The ball was put in motion by action of the right hip, the right elbow, and the right knee, and was not permitted to touch the ground. It could be passed between players in each team by propulsion by those body parts. The aim was to move the ball back to the opposite team, preferably through the ring. The goal of the opposition (what today might be termed ‘the defense’) was to force the offense to lose control and to allow the ball to touch the ground. The stone ring was an innovation of the late-classic and early post-classic periods, as seen in Chichén Itzá.

The usual dress for players is known from iconographic and figural findings. These show leather protection mainly at the hips and the chest, but sometimes also at the knees and the arms, though very seldom at the feet. The clothing was used to protect against the impact of the ball. The protected parts of the body were used to strike the ball.

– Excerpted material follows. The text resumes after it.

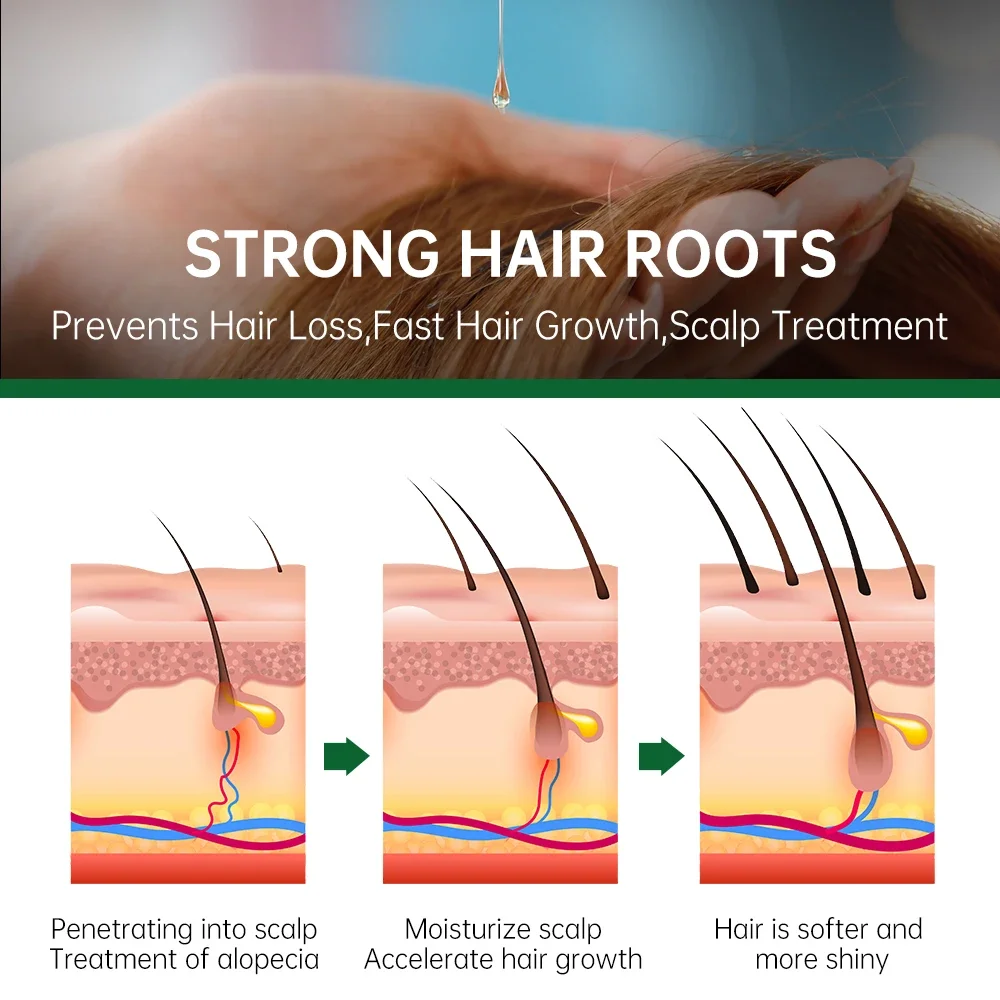 PURC Rosemary Oil for Hair Growth Men Women Scalp Treatment Anti Hair Loss Essential Fast Grow Oil Care Beauty Health 50ml,hair growth serum,hair growth spray,hair care oil,hair growth cream,hair growth shampoo set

Some players would wear headdresses (like deer heads) for ritual reasons.

===Physical aspects of the ballgame===
Despite variations in game-play over the centuries, it would appear that the physical exertion required was most similar to those of soccer or tennis. Most likely, the players of the ballgame manifested heart rate and blood pressure responses consistent with physical loads of light/moderate intensity, in the range of 4.5–5.5 METs. This supports the theory that cardiovascular demands of popular sports have remained relatively similar through several millennia.